社長の名字 最多は「佐藤」さん、大企業は「鈴木」さんが逆転
 全企業の社長の名字は、「佐藤」が1万8,131人(構成比1.3%)で最多だった。次いで、「鈴木」が1万6,623人(同1.2%)、「田中」が1万3,315人(同1.0%)、「山本」が1万957人(同0.84%)、「伊藤」が1万939人(同0.84%)の順。「高橋」は8,642人(同0.6%)で9位だったが、19位の「高橋(はしご高)」4,990人(同0.3%)を加えると、1万3,632人で、3位の「田中」を上回る。
 大企業は、「鈴木」が145人(同1.14%)で143人の「佐藤」(同1.12%)を逆転。次いで、「田中」が123人(0.9%)で3位を維持した。「加藤」は全企業の8位から4位、「清水」が18位から12位、「高橋(はしご高)」が19位から14位、「池田」は21位から16位、「後藤」は31位から20位と、それぞれ順位をあげた。

社長の星座 「みずがめ座」が最多
 社長の星座の最多は「みずがめ座」9万6,553人だった。次いで、「うお座」9万4,441人の順。一方、大企業社長の星座の最多は、同じく「みずがめ座」1,036人だった。次いで、全社長で5位だった「おとめ座」が912人、「うお座」888人の順。

社長の誕生日 「1月1日」が最多
 社長の誕生日は、「1月1日」が8,603人(構成比0.8%)と最多だった。次いで、「1月2日」の5,947人(同0.6%)、「1月3日」の4,212人(同0.4%)で、3位まで正月三が日が占めた。
 大企業社長の誕生日も、「1月1日」が70人(同0.6%)で最多。次いで、「1月26日」の47人(同0.46%)、「4月1日」の46人(同0.45%)の順。
 大企業の社長も1月生まれが多かったが、全社長ではランクインしなかった10月生まれ(10月1日、10月18日)が上位に食い込んだ。
 社長の誕生日のダントツの最下位は全社長、大企業社長とも「うるう年」の2月29日だが、これを除くと12月31日など年末が多く、年末と年始で大きな違いが出た。

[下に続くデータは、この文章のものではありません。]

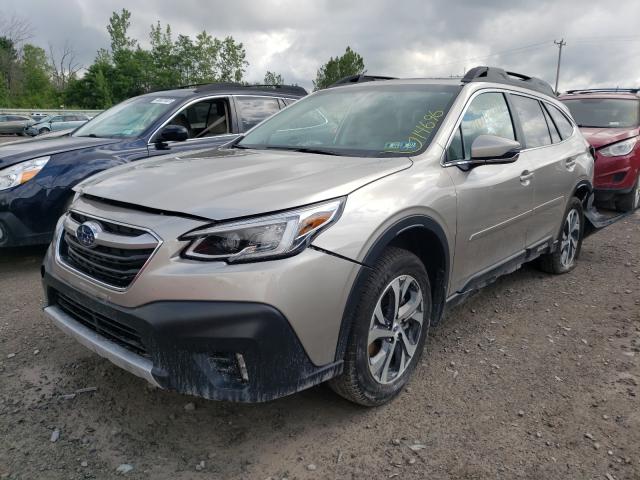 2020 SUBARU OUTBACK LI 4S4BTANC4L3148174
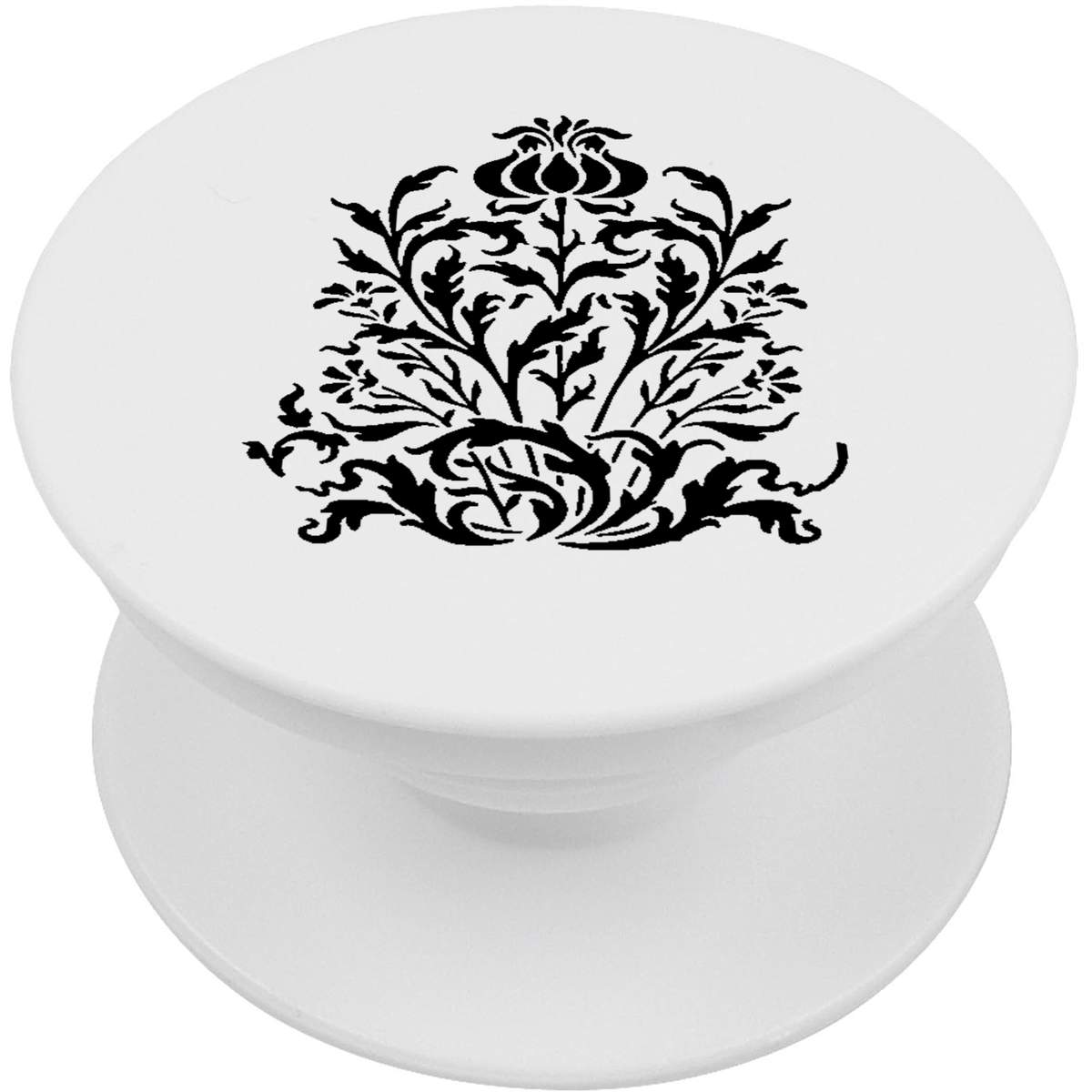 'Art Nouveau Poppy' Expanding Phone Grip / Stand (PO00038765)
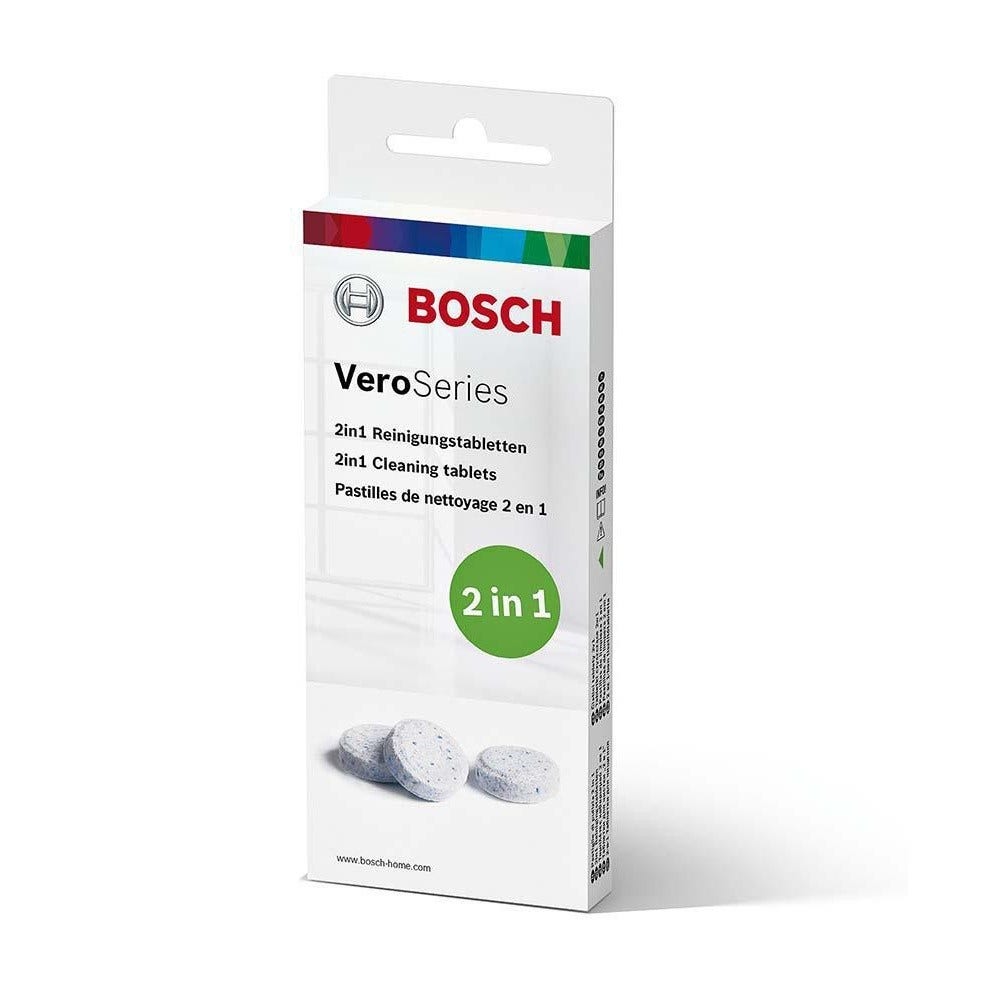 Bosch Vero Series 2-in-1 Reinigungstabletten 00312096 / TCZ8001A (10St.)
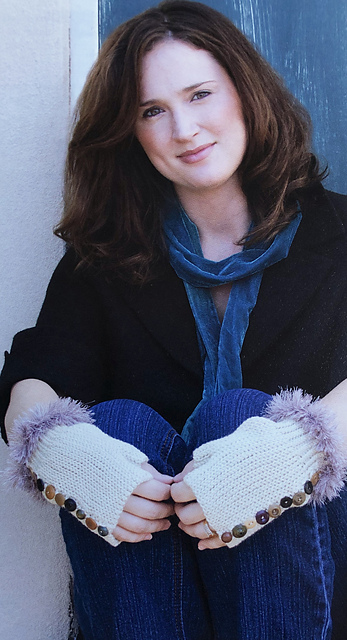 Fingerless Gloves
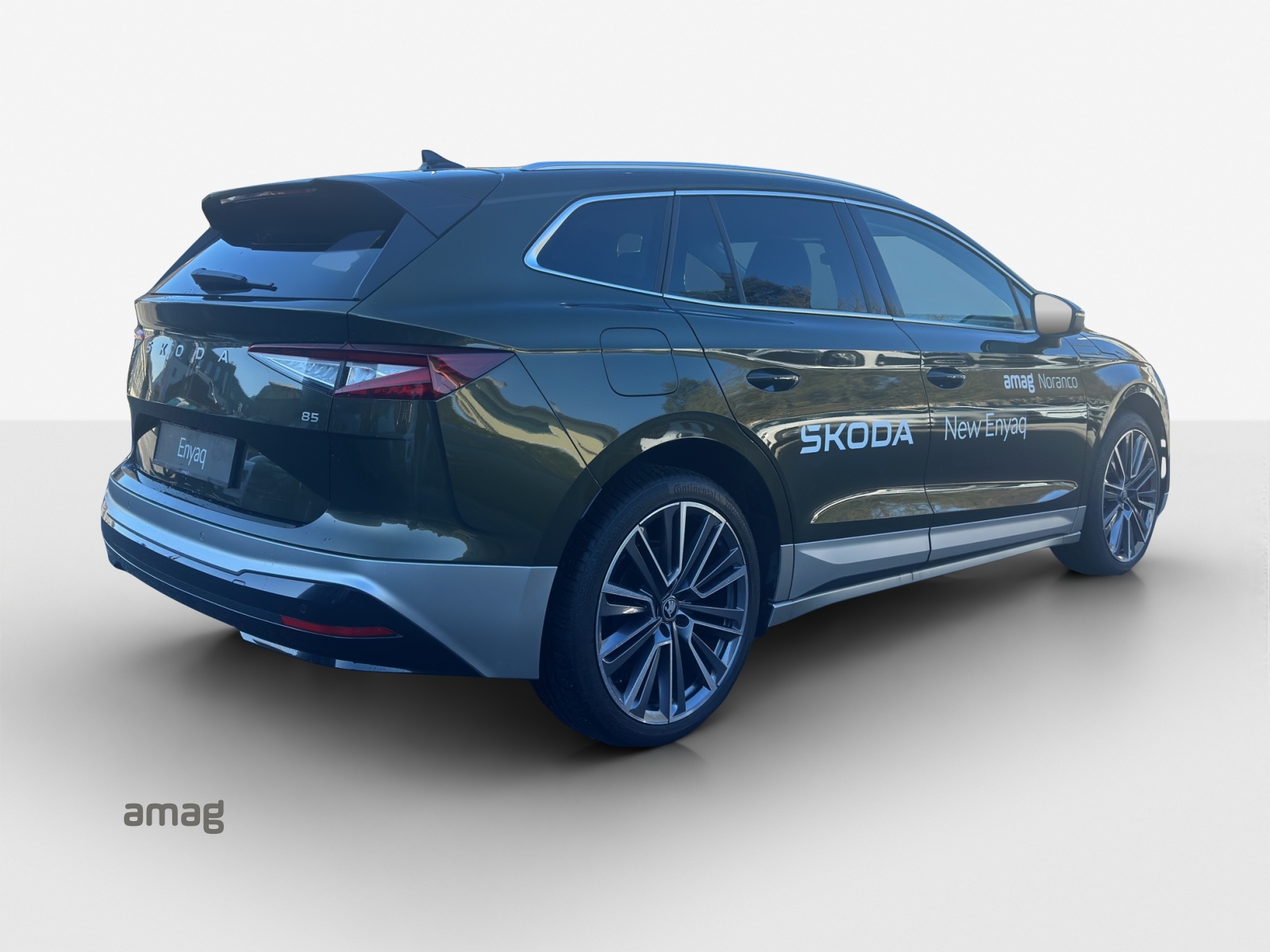 SKODA Enyaq 85-image-4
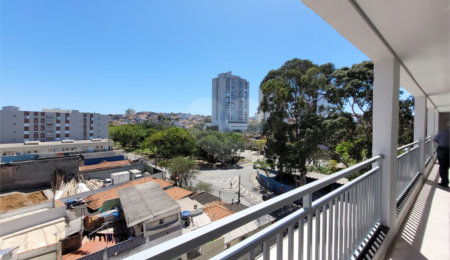 Apartamento à venda com 2 quartos em Vila Maria Alta, São Paulo, SP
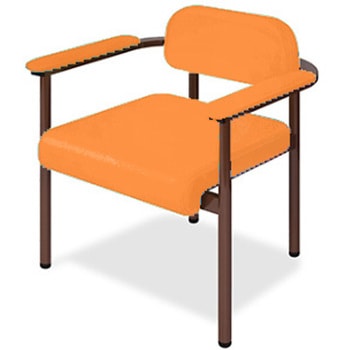 TB-1268-01 �z�[���`�F�A�[1 TB-1268-01 ��40 �S��57 �~���s50 ���ʉ��s40 �~����44 �S��67 cm ���c�x�b�h���쏊 �ω׏d100kg �I�����W�F 61756899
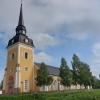 Bilder från Älvdalens kyrka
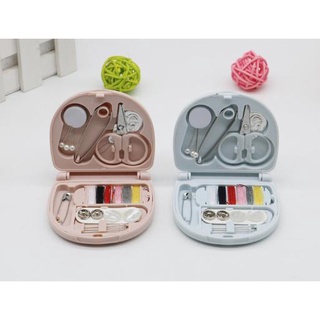 Bộ dụng cụ kim chỉ may vá mini hình thú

 日本の社長、130万人のデータをみると創業社長や2代目などの後継者、大企業や系列会社のサラリーマン社長まで様々だ。全企業の学歴は、「大卒」が5割を占めるが、社長の必須条件として学歴は当てはまらないようだ。「趣味」では、仕事のつきあいも多い「ゴルフ」がトップだったが、全企業では「無趣味」が2位に入り仕事を趣味とする社長が多い結果が出た。
 また、「持家」が9割を占めた。これは収入が多い側面もあるかも知れないが、いまだに自宅不動産などの担保提供を求められ、ABL(動産・債権担保融資)など多様な資金調達の遅れや個人と会社の資金繰りの区別がつきにくい事が反映しているとみられる。中小企業の社長は、会社の資金調達に際して個人の連帯保証を付けるを得ないケースが多い。会社が倒産や経営危機に陥った場合、個人資産も同時に喪失するリスクを負っており、必ずしも社長は世間が思うほど優雅な生活を送っている訳ではない。
 一方、全体のわずか1%ほどの大企業の社長は、「読書」、「スポーツ」などを趣味にして、仕事やプライベートも充実しているようだ。大企業の社長は、「大卒」が85%を占め、「大学院卒」や「留学」の比率も高い。大企業の社長を目指すには「趣味」による人格や人脈の形成が不可欠で、しかも「最終学歴」も重要と、これまた世間が思うほど簡単な道のりではない。
 大企業のサラリーマン社長は、オーナーや創業家でない限り多くの同期、上司などライバルに打ち勝ち、運も味方に実績を積み上げることが重要なファクターだろう。社長の椅子を手中にできるほんの一握りの人は、同族企業以外では熾烈な競争の勝者とも言える。
 だが、社長に就いても苦労は絶えない。従業員の生活を守り、取引先と良好な関係を構築し、会社を成長させなければいけないからだ。また、事業を承継するため後任を探し、育成し、社長業を引き継ぐことも重要な仕事となる。
 誕生日や星座は変えられない。が、運も実力のうち。何もせず社長の座を諦めるのは早い。まずは将来に繋がる勉強、研鑽に努め、「読書」や「スポーツ」など多様な趣味で人間を磨くと、いずれはあなたも社長の座に・・・。